Please output the line containing "Mochila OLIVIA Elegante" and all lines that follow it in the data below, exactly, with no pictures.

──────────────────────────────

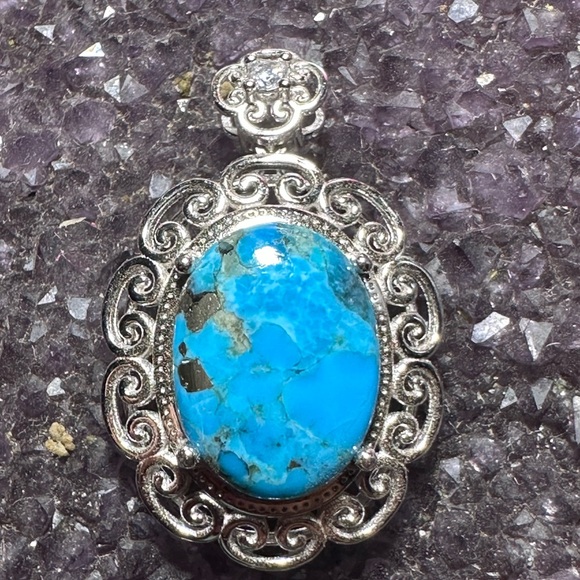 Mohave Oyster Turquoise 925 Sterling Silver Pendant - Picture 9 of 10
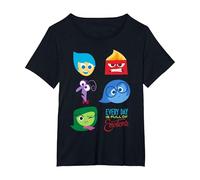Disney Pixar Inside out Full of Emotions Character Maglietta, Donna Plus-Size, Nero, 5X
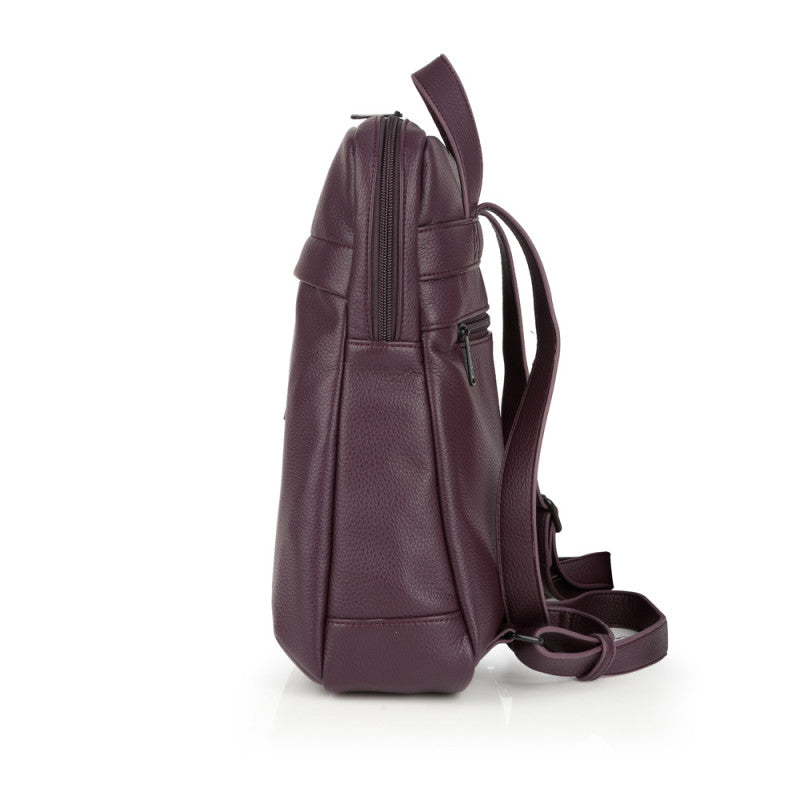 Mochila OLIVIA Elegante Polipiel Burdeos con Organizador Interno para Mujer 26x32x11 cm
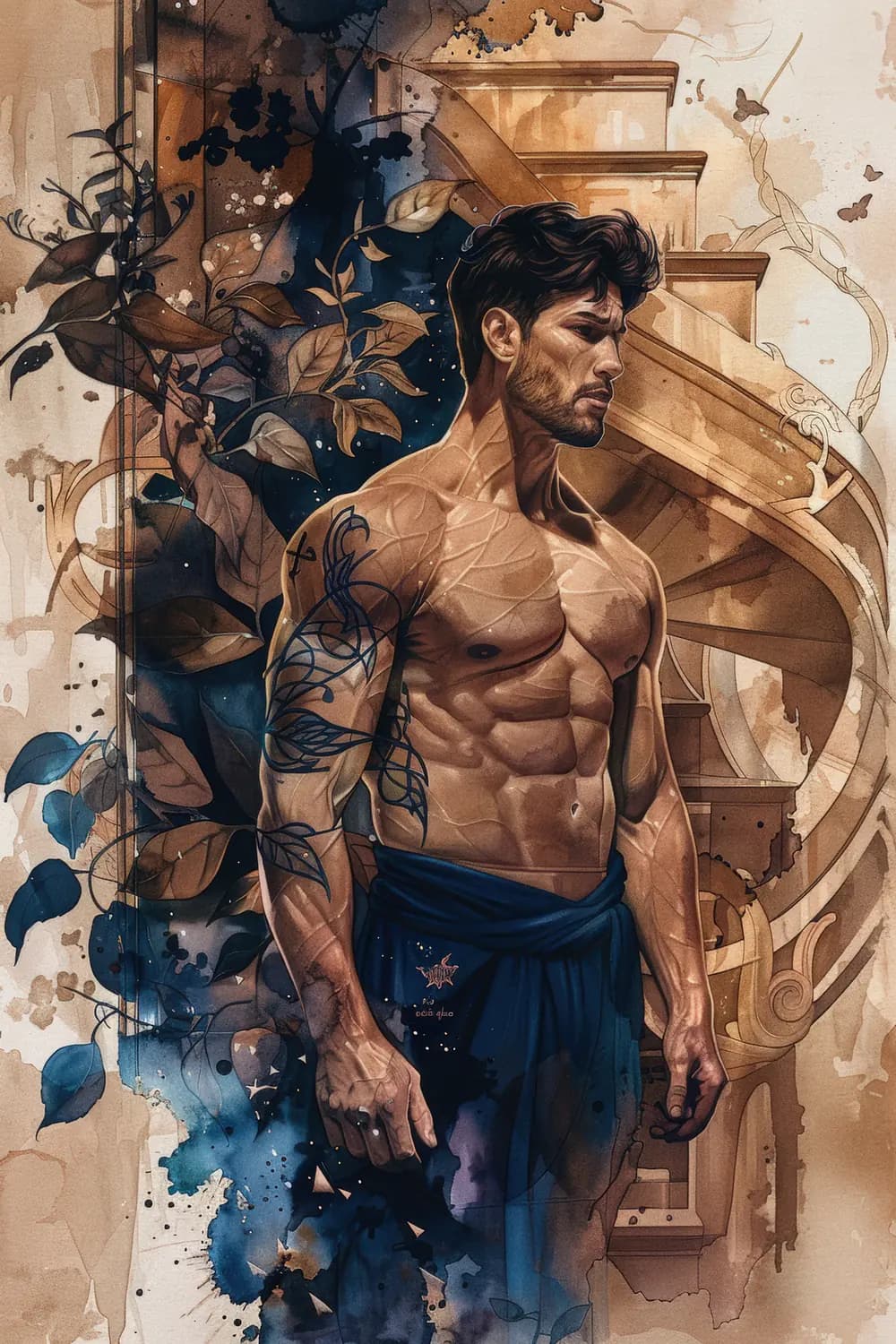 Homme Tatoué aux Feuilles Bleues et Dorées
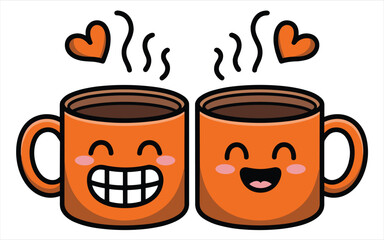 Obraz premium Two cartoon coffee cups with steam and faces brown
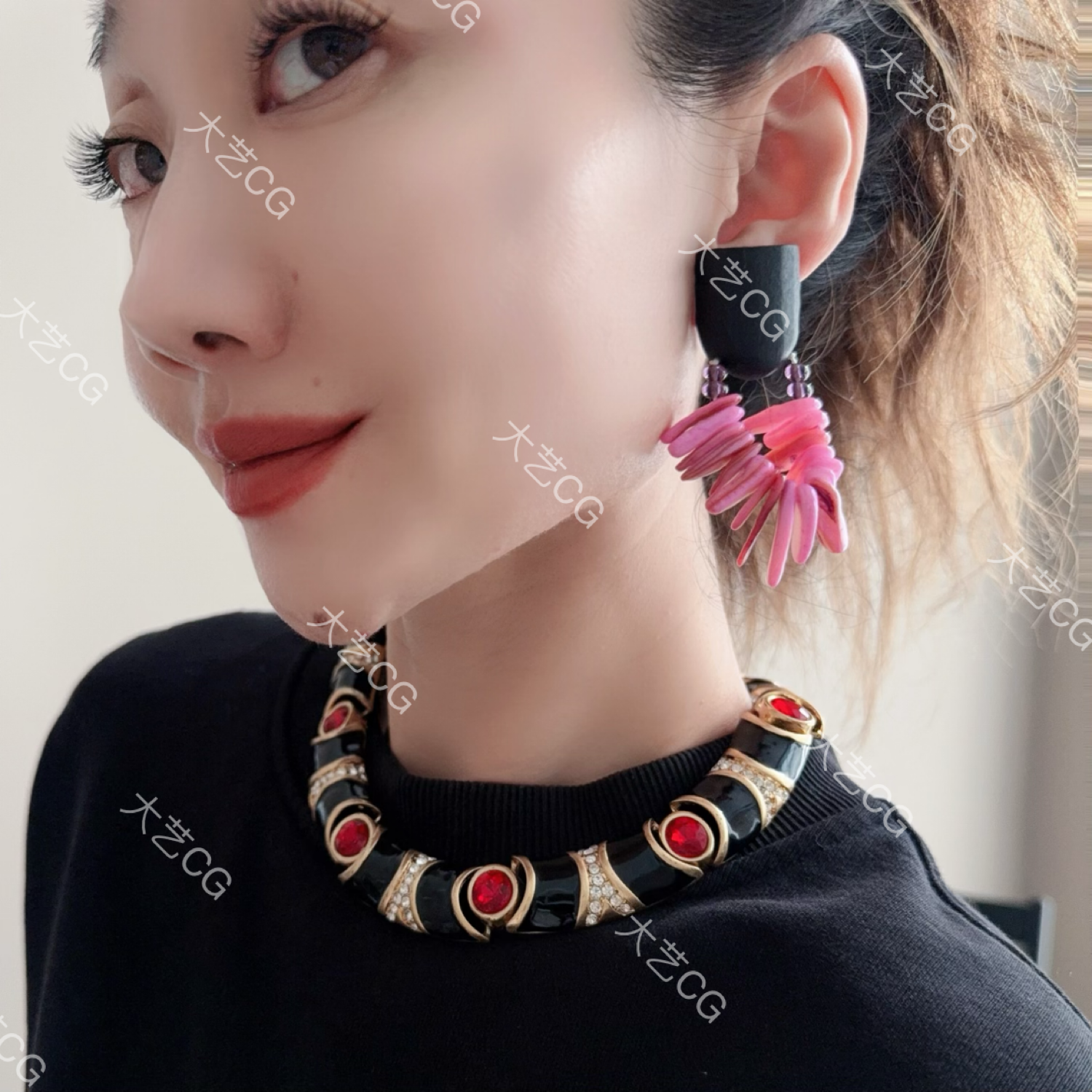 乌木贝壳耳夹粉色耳环EDGlc 0308,淘宝优惠券,粉丝福利购,淘宝优惠卷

──────────────────────────────

• **Task answer**
 Mochila OLIVIA Elegante Polipiel Burdeos con Organizador Interno para Mujer 26x32x11 cm
 Homme Tatoué aux Feuilles Bleues et Dorées
 Obraz premium Two cartoon coffee cups with steam and faces brown
 乌木贝壳耳夹粉色耳环EDGlc 0308,淘宝优惠券,粉丝福利购,淘宝优惠卷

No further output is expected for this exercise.